Dataset content

[Start of Attachment]

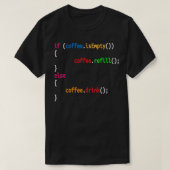 Funny Programmer Coffee Geschenk für Coders Coffee T-Shirt (Design vorne)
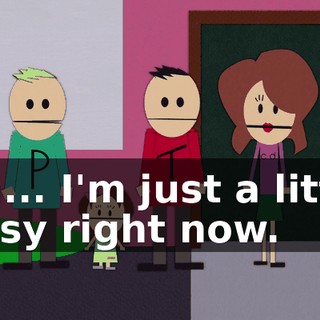 Uh... I'm just a little busy right now.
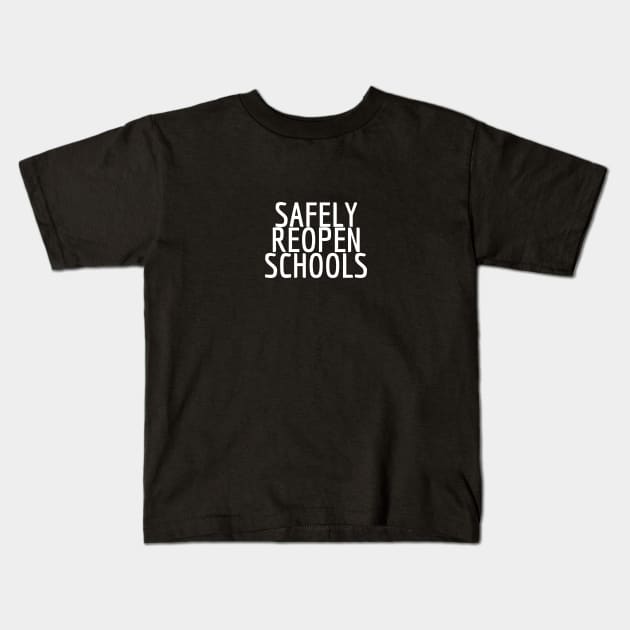 #SafelyReopenSchools Safely Reopen Schools Kids T-Shirt by AwesomeDesignz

[End of Attachment]

What is needed
Copy the data in full. No pictures belong in the copy.

Reply to the exercise
 Funny Programmer Coffee Geschenk für Coders Coffee T-Shirt (Design vorne)
 Uh... I'm just a little busy right now.
 #SafelyReopenSchools Safely Reopen Schools Kids T-Shirt by AwesomeDesignz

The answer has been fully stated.